Transcribed & marked up by Einde O’Callaghan for ETOL.

 

A Portrait of English Racism
Ann Drummett
Penguin, 50p

FEW PEOPLE know Isaac Newton as a man who worked out the calculus; to most he is known for having an apple fall on his head. Whatever thought and method Watt applied to the building of the steam engine is unimportant to the English public; he is the boy who watched a kettle boil and saw the lid bouncing up and down.

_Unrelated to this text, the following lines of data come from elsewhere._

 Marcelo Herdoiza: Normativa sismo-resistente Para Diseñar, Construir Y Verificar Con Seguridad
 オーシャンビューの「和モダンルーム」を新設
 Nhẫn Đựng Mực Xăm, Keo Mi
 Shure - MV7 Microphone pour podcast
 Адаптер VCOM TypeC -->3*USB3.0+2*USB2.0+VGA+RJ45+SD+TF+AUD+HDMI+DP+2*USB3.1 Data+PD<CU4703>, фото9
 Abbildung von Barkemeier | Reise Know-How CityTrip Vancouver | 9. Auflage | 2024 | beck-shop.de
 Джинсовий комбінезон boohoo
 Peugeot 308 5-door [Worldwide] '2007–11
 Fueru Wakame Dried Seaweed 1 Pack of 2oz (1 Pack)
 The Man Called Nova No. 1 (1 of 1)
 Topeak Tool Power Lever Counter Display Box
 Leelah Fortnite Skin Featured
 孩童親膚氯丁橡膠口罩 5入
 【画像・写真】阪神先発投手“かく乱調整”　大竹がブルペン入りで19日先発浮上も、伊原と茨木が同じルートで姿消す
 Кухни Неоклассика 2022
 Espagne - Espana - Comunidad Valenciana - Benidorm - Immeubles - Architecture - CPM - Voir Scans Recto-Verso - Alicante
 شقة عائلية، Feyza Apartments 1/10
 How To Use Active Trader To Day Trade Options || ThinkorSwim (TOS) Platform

Ann Drummett states that her book is not about race relations as much, but about English people, the ways they think about themselves, the values on which they make their judgements, and the ways they think and act towards the human beings they do not regard as English. Popular national prejudice and myth tell the English all they need to know about the conventions and beliefs by which their society has been formed. Incidents and stories that are a matter for common everyday allusion bind them together, not because of the morals they illustrate and the values they uphold. This genuinely popular mythology is shared equally by kids growing up in such completely different environments as suburban Surrey and Liverpool dockland.

Some socialist readers of this book will be incensed at the idea of the working class being lumped together and branded as racist, along with the rest of English society. But most workers are fooled by all the racist claptrap put out by the eager carriers of such poison. When Enoch Powell speaks of England’s green pastures being under threat, feelings can be aroused instantly, not because what he says is taken literally but because of the powerful images that are created and which slot in with popular mythology.

The symptom of racism, of course, manifest themselves in different ways, ranging from the young fascist gangs with bicycle chains, through the ‘whole-bloody-lot-ought-to-be-sent-home’ variety, to the do-gooders with their ideology of kindness to inferiors on whose cotton-wool condescension black people choke.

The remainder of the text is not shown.